▶ **TASK DESCRIPTION**
Your response to the data below should hold nothing except the lines from the one containing "Let's have a" down to the one containing "All right, so", reproduced exactly and without pictures.

▶ **INFORMATION**

=== Section Start ===

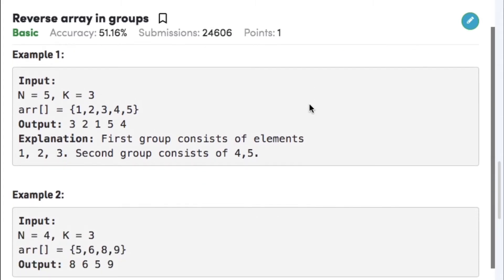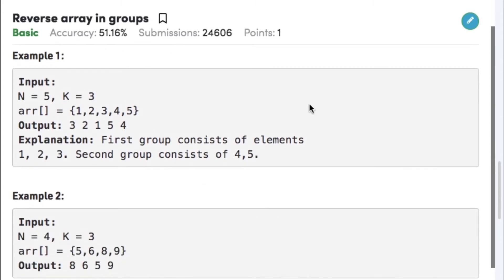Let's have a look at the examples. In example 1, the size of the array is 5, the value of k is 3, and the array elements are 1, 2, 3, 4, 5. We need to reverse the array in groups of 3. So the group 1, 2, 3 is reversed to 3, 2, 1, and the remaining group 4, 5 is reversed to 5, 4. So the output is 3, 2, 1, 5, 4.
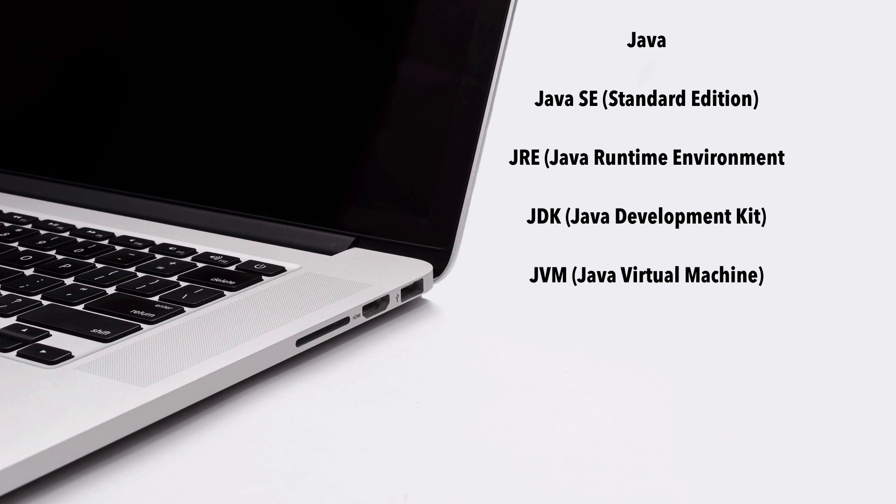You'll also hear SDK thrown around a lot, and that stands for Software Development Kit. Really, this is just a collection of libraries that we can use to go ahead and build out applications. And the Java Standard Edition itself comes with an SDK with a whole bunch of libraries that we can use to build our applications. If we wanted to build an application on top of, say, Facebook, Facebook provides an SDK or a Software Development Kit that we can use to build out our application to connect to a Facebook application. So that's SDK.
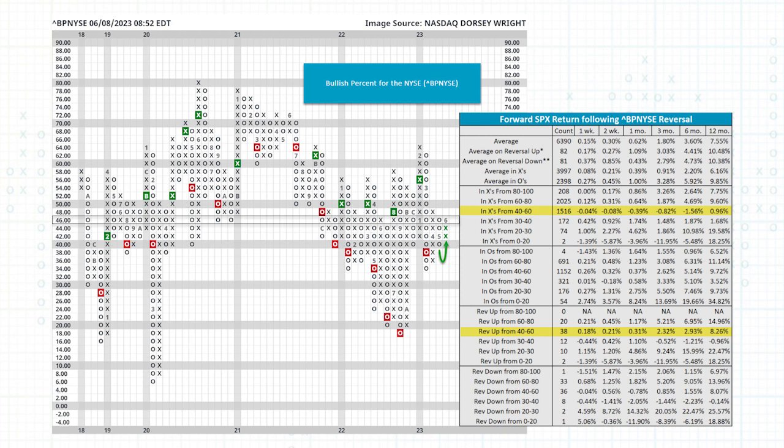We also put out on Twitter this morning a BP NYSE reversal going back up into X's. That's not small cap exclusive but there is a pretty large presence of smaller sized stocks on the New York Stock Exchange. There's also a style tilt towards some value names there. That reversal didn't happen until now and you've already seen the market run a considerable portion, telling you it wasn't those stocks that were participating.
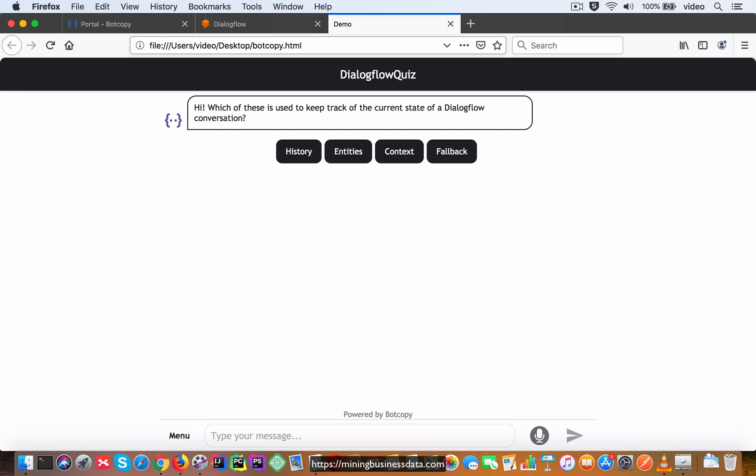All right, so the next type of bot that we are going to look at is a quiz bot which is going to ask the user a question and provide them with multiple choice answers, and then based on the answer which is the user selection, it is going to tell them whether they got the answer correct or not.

=== Section End ===
=== Section Start ===

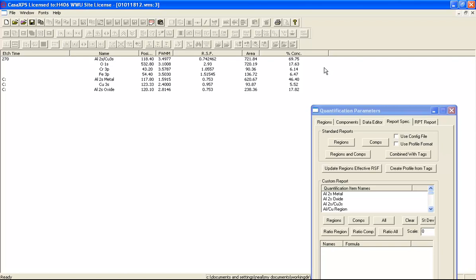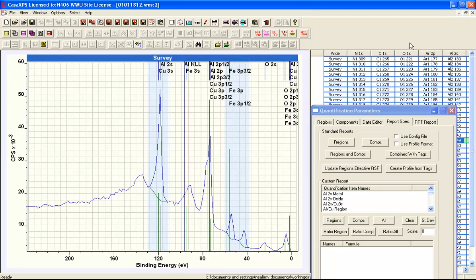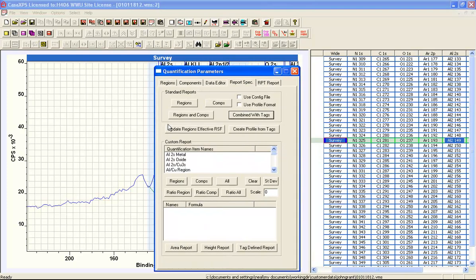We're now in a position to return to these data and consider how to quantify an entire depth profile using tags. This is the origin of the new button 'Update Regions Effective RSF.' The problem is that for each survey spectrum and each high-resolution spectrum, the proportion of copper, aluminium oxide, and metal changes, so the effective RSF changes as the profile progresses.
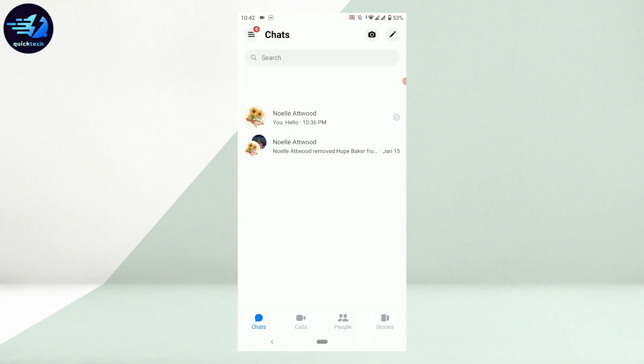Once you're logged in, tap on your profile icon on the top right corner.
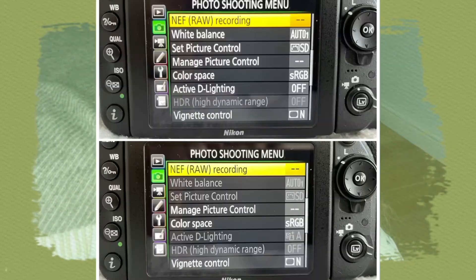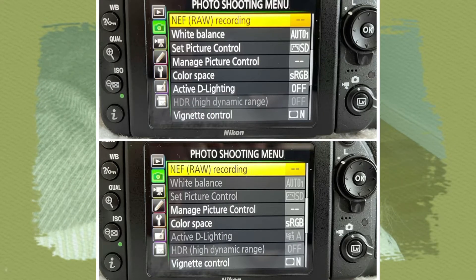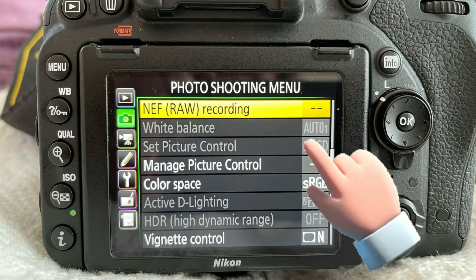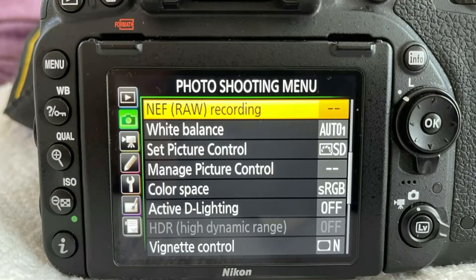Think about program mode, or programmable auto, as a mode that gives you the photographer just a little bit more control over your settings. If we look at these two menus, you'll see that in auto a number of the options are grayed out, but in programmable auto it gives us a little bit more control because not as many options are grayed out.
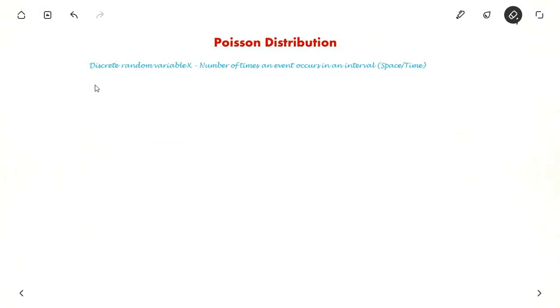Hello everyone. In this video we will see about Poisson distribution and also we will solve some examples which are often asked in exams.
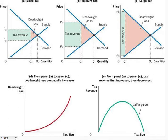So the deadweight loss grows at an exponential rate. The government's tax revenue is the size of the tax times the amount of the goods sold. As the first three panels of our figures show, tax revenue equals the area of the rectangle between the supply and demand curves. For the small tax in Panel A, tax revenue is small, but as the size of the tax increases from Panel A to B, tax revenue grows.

=== Section End ===

▶ **WRITTEN ANSWER**
Let's have a look at the examples. In example 1, the size of the array is 5, the value of k is 3, and the array elements are 1, 2, 3, 4, 5. We need to reverse the array in groups of 3. So the group 1, 2, 3 is reversed to 3, 2, 1, and the remaining group 4, 5 is reversed to 5, 4. So the output is 3, 2, 1, 5, 4.
You'll also hear SDK thrown around a lot, and that stands for Software Development Kit. Really, this is just a collection of libraries that we can use to go ahead and build out applications. And the Java Standard Edition itself comes with an SDK with a whole bunch of libraries that we can use to build our applications. If we wanted to build an application on top of, say, Facebook, Facebook provides an SDK or a Software Development Kit that we can use to build out our application to connect to a Facebook application. So that's SDK.
We also put out on Twitter this morning a BP NYSE reversal going back up into X's. That's not small cap exclusive but there is a pretty large presence of smaller sized stocks on the New York Stock Exchange. There's also a style tilt towards some value names there. That reversal didn't happen until now and you've already seen the market run a considerable portion, telling you it wasn't those stocks that were participating.
All right, so the next type of bot that we are going to look at is a quiz bot which is going to ask the user a question and provide them with multiple choice answers, and then based on the answer which is the user selection, it is going to tell them whether they got the answer correct or not.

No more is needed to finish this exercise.